§ EXERCISE GOAL:
Your answer should be the records below, repeated exactly as they stand.

§ DATA FOR PROCESSING:
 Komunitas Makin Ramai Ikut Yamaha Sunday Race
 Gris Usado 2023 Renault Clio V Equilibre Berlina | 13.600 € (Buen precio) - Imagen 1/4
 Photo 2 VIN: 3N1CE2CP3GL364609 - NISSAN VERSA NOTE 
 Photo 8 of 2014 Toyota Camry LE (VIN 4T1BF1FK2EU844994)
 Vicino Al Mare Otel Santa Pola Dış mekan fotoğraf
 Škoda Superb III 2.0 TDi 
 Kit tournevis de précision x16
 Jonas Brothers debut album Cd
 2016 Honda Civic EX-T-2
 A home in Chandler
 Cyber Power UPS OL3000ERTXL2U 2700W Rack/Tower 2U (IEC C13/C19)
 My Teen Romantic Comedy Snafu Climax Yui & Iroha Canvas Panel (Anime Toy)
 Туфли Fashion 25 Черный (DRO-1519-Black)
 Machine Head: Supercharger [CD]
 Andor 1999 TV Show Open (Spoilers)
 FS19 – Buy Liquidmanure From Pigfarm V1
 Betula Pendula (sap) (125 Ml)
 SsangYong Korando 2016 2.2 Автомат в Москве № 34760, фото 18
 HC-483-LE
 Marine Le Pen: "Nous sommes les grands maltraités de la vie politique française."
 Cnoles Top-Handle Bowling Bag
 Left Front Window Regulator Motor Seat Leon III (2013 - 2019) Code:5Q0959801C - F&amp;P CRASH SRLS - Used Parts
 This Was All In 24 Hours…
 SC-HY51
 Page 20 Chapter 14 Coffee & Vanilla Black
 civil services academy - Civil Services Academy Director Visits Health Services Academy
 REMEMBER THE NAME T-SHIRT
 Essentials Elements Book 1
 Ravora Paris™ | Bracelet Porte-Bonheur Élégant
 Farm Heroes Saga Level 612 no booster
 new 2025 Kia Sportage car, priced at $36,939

§ TASK RESPONSE:
 Komunitas Makin Ramai Ikut Yamaha Sunday Race
 Gris Usado 2023 Renault Clio V Equilibre Berlina | 13.600 € (Buen precio) - Imagen 1/4
 Photo 2 VIN: 3N1CE2CP3GL364609 - NISSAN VERSA NOTE 
 Photo 8 of 2014 Toyota Camry LE (VIN 4T1BF1FK2EU844994)
 Vicino Al Mare Otel Santa Pola Dış mekan fotoğraf
 Škoda Superb III 2.0 TDi 
 Kit tournevis de précision x16
 Jonas Brothers debut album Cd
 2016 Honda Civic EX-T-2
 A home in Chandler
 Cyber Power UPS OL3000ERTXL2U 2700W Rack/Tower 2U (IEC C13/C19)
 My Teen Romantic Comedy Snafu Climax Yui & Iroha Canvas Panel (Anime Toy)
 Туфли Fashion 25 Черный (DRO-1519-Black)
 Machine Head: Supercharger [CD]
 Andor 1999 TV Show Open (Spoilers)
 FS19 – Buy Liquidmanure From Pigfarm V1
 Betula Pendula (sap) (125 Ml)
 SsangYong Korando 2016 2.2 Автомат в Москве № 34760, фото 18
 HC-483-LE
 Marine Le Pen: "Nous sommes les grands maltraités de la vie politique française."
 Cnoles Top-Handle Bowling Bag
 Left Front Window Regulator Motor Seat Leon III (2013 - 2019) Code:5Q0959801C - F&amp;P CRASH SRLS - Used Parts
 This Was All In 24 Hours…
 SC-HY51
 Page 20 Chapter 14 Coffee & Vanilla Black
 civil services academy - Civil Services Academy Director Visits Health Services Academy
 REMEMBER THE NAME T-SHIRT
 Essentials Elements Book 1
 Ravora Paris™ | Bracelet Porte-Bonheur Élégant
 Farm Heroes Saga Level 612 no booster
 new 2025 Kia Sportage car, priced at $36,939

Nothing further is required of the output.